I didn’t know anything about darkness until I was 6.

I remember that our family moved to a new place when I was 6. I remember there were many children in my neighborhood. I remember there were two older guys who organized everything for the children to play; they were like “the leaders” of this gang of children.

I remember that nobody wanted me on their team because I was too small, thin, and fragile.

I don’t remember clearly if my parents requested that our neighbor look after me when I came back from school, since they always came home late from work. I don’t remember clearly that those ‘leaders’ were the sons of that neighbor. I also don’t remember clearly that they told me to play a special game with them if I wanted to play with all the children out there in the neighborhood. I don’t want to remember.

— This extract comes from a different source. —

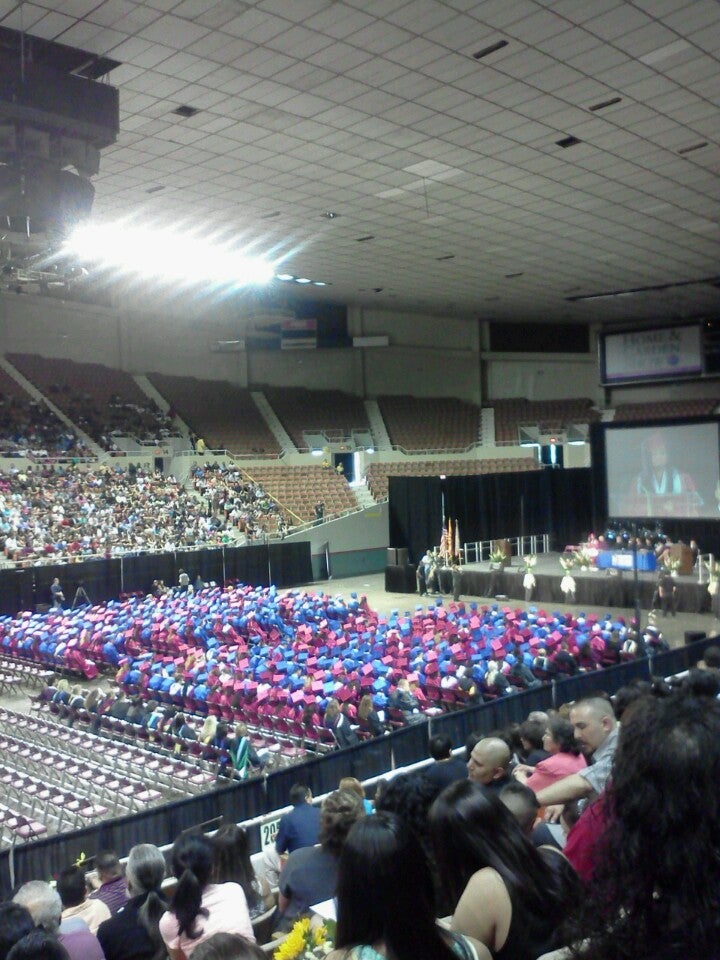 Arizona Veterans Memorial Coliseum, 1826 W McDowell Rd, Phoenix, AZ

I don’t want to remember the way my vagina hurt and that irritating feeling there. The touch of their hands on my whole body. Their piece of meat that went into my mouth and hands. The way my 6-year-old friend shouted in shock: “That game is only for adults! Don’t you know? Your tummy will become bigger and there will be a baby inside you, and you will definitely go to hell for playing that game!” I don’t want to remember that…I don’t want to remember anything at all…

I realized when I got older that the times when I read all those books about going to hell is the actual, real hell. I was excessively afraid of death because I was so sure I would go to hell and suffer so much pain when I died. I didn’t play at all, only read. Because I was afraid to die. My habit of feeling guilty for everything that happened to my parents started at that time, because I thought my parents gave birth to me without fear of hell. My childhood was not fun at all. I was afraid of people. I didn’t play with my friends because I thought they would be disgusted with me if they knew me. I never told the truth. I always made up stories.

My mother gave me sex education books when I came of age. Only then I understood that sexual intercourse is part of nature and not something to go to hell for. But when I started dating, I always felt like people used me for sex. I was afraid people took advantage of me because of what I’d been through. I couldn’t trust anyone and I couldn’t build relationships. I was lonely…

I’ve been living in the dark for so long. So many years without getting a proper sleep. Finally, I got a chance to get out of those dark teary nights. I tried, and I got out.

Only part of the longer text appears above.